Y Bai1 , P Wu1 , T Mao1 , S Gong1 , J Wang1 , K Sheng2 , Y Xie3 , T Niu1* , (1) Sir Run Run Shaw Hospital, Zhejiang University School of Medicine; Institute of Translational Medicine, Zhejiang University, Hangzhou, Zhejiang, (2) Department of Radiation Oncology, University of California, Los Angeles, School of Medicine, Los Angeles, CA, (3) Institute of Biomedical and Health Engineering, Shenzhen Institutes of Advanced Technology, Chinese Academy of Sciences, Shenzhen, Guangdong

Presentations

SU-D-206-4 (Sunday, July 31, 2016) 2:05 PM - 3:00 PM Room: 206


Purpose: To estimate and remove the scatter contamination in the acquired projection of cone-beam CT (CBCT), to suppress the shading artifacts and improve the image quality without prior information.

Methods: The uncorrected CBCT images containing shading artifacts are reconstructed by applying the standard FDK algorithm on CBCT raw projections. The uncorrected image is then segmented to generate an initial template image. To estimate scatter signal, the differences are calculated by subtracting the simulated projections of the template image from the raw projections. Since scatter signals are dominantly continuous and low-frequency in the projection domain, they are estimated by low-pass filtering the difference signals and subtracted from the raw CBCT projections to achieve the scatter correction. Finally, the corrected CBCT image is reconstructed from the corrected projection data. Since an accurate template image is not readily segmented from the uncorrected CBCT image, the proposed scheme is iterated until the produced template is not altered.

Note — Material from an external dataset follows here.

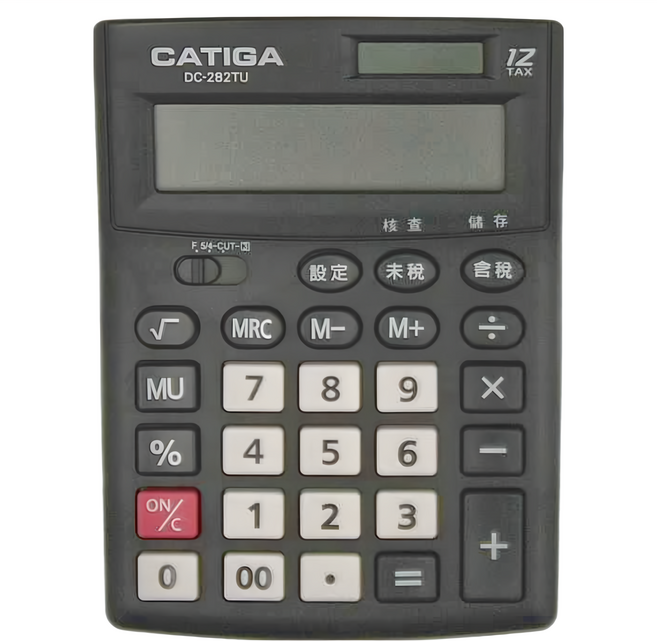 CATIGA 12位數中文稅率計算機 137 x 103 x 32mm, 黑色, 1台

Results: The proposed scheme is evaluated on the Catphan©600 phantom data and CBCT images acquired from a pelvis patient. The result shows that shading artifacts have been effectively suppressed by the proposed method. Using multi-detector CT (MDCT) images as reference, quantitative analysis is operated to measure the quality of corrected images. Compared to images without correction, the method proposed reduces the overall CT number error from over 200 HU to be less than 50 HU and can increase the spatial uniformity.

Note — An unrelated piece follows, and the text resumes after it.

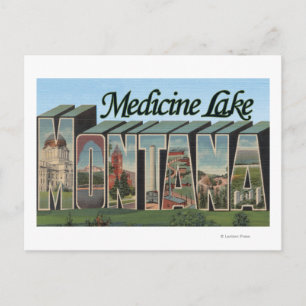 Medicine Sjö, Montana Vykort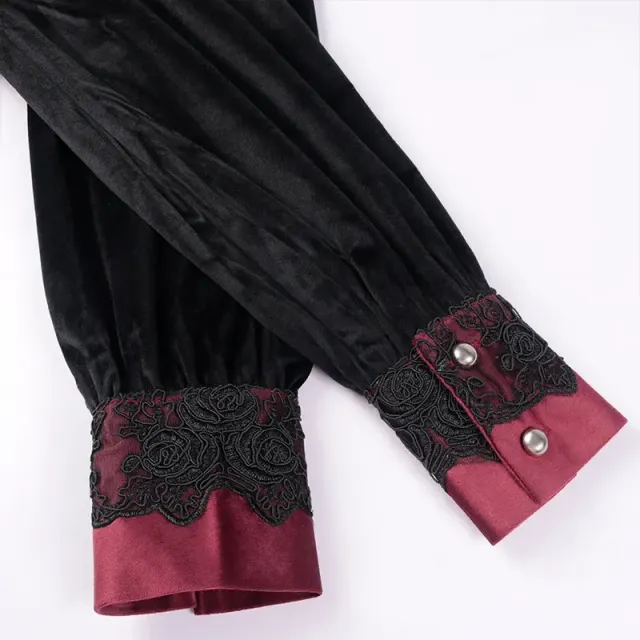 Gothic Velvet Lace-Trim Shirt for Halloween Cosplay detail 6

Conclusion: An iterative strategy without relying on the prior information is proposed in this work to remove the shading artifacts due to scatter contamination in the projection domain. The method is evaluated in phantom and patient studies and the result shows that the image quality is remarkably improved. The proposed method is efficient and practical to address the poor image quality issue of CBCT images.

Funding Support, Disclosures, and Conflict of Interest: This work is supported by the Zhejiang Provincial Natural Science Foundation of China (Grant No. LR16F010001), National High-tech R&D Program for Young Scientists by the Ministry of Science and Technology of China (Grant No. 2015AA020917).